You are really struggling with motivation on an important, long-term project. Although you know you should spend more consistent time on moving it forward (and only you can actually complete the work), you find yourself doing everything but writing your thesis, finishing your painting series, wrapping up your portfolio, or whatever major creative endeavor you want to move forward.

Do-It-Myself Approach: Punish yourself for lack of motivation by holing yourself away in your office or studio and not allowing yourself to “waste” time interacting with others until you finish your major projects. Don’t allow yourself to work on anything else until you make progress on your main project, which can then lead to not doing much of value at all if you procrastinate on your super-scary, super-big goal.

Support Structure Approach: You can begin by reconnecting with the peers you already know in the field, and then branch out to organized groups that you can interact with on a regular basis to keep you motivated, accountable, encouraged, and getting outside feedback and support. You can also search for individuals and groups through sites like Behance, Twitter, or

Begin by reconnecting with the peers you already know in the field, and then branch out to organized groups.
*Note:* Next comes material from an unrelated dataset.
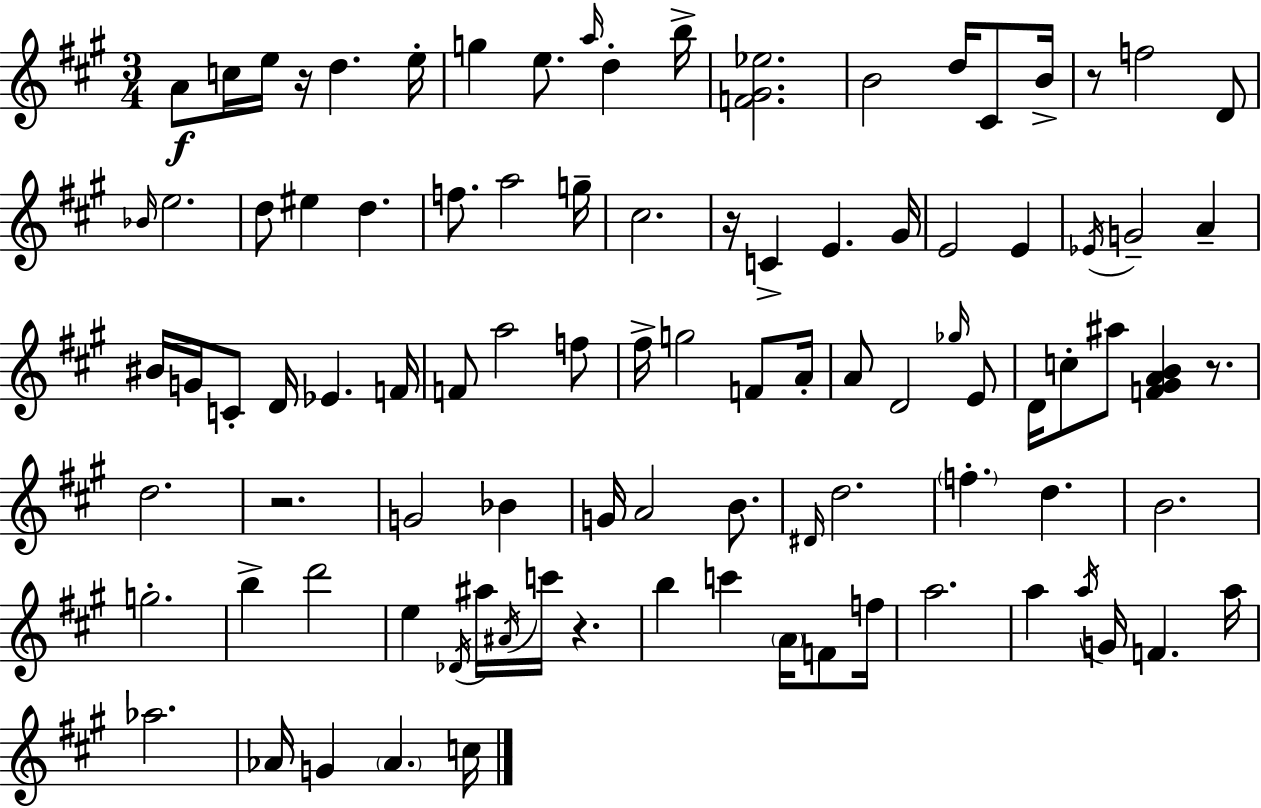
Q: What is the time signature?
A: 3/4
Scenario 3: The Utterly New, Anxiety-Inducing Project

You are facing the great unknown as you begin something you have never done before like opening a store or managing a team. Although you have a desire to serve and a general knowledge of the field, you have no specific experience on how to approach these new activities.

Do-It-Myself Approach: Pretend you know what you are doing, skim through a few books and blogs on the subject, close your eyes, jump in, and hope for the best. When you feel confused or don’t get the results you seek, you try to avoid letting anyone know what’s going on and just put in more hours.
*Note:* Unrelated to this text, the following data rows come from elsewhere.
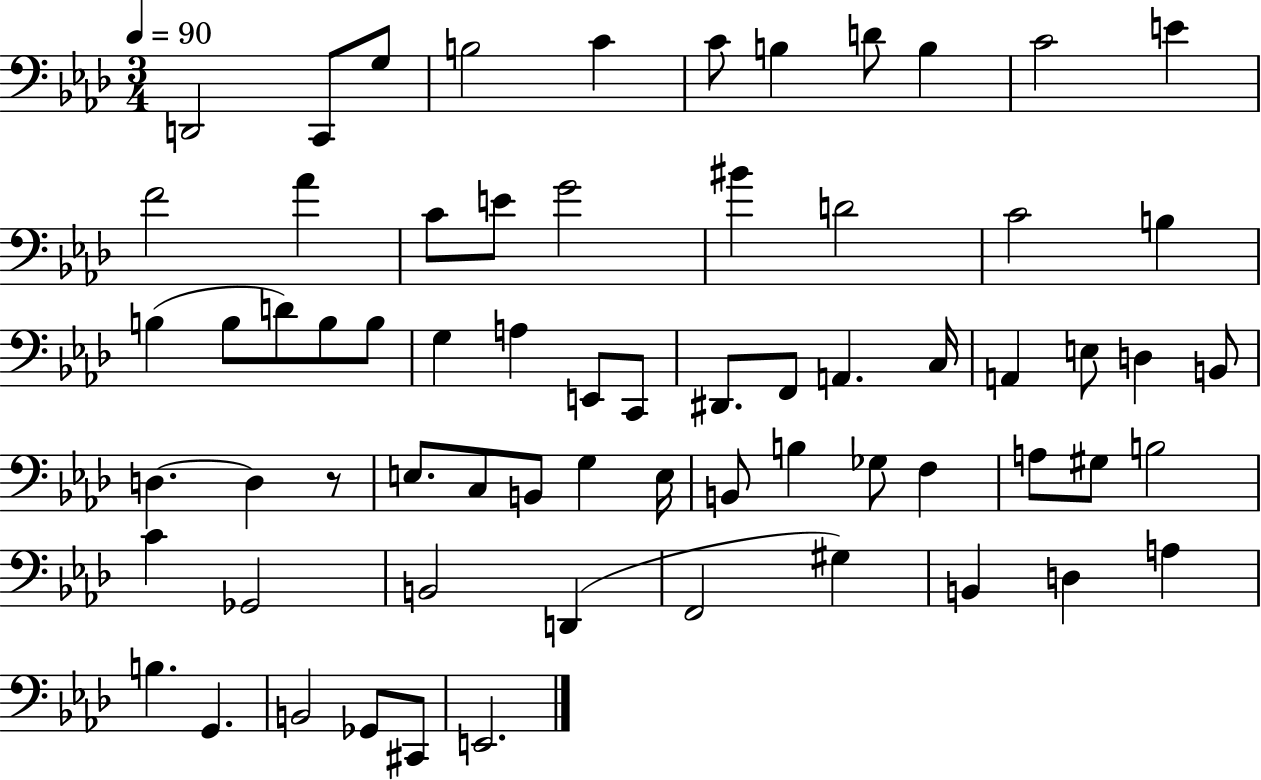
X:1
T:Untitled
M:3/4
L:1/4
K:Ab
D,,2 C,,/2 G,/2 B,2 C C/2 B, D/2 B, C2 E F2 _A C/2 E/2 G2 ^B D2 C2 B, B, B,/2 D/2 B,/2 B,/2 G, A, E,,/2 C,,/2 ^D,,/2 F,,/2 A,, C,/4 A,, E,/2 D, B,,/2 D, D, z/2 E,/2 C,/2 B,,/2 G, E,/4 B,,/2 B, _G,/2 F, A,/2 ^G,/2 B,2 C _G,,2 B,,2 D,, F,,2 ^G, B,, D, A, B, G,, B,,2 _G,,/2 ^C,,/2 E,,2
Support Structure Approach: Find a mentor, coach, or trainer who has done what you would like to do. Ask them to explain the steps they followed, challenges they faced, and lessons they learned. When you get lost or confused, come back to them for advice, support, and direction. Typically these situation-bound relationships inspire you to complete a specific project, make it through a transition, or master a certain skill.

As the African proverb goes: “If you want to go fast, go alone. If you want to go far, go together.” The proper support at all levels is an essential component of unleashing your creative genius.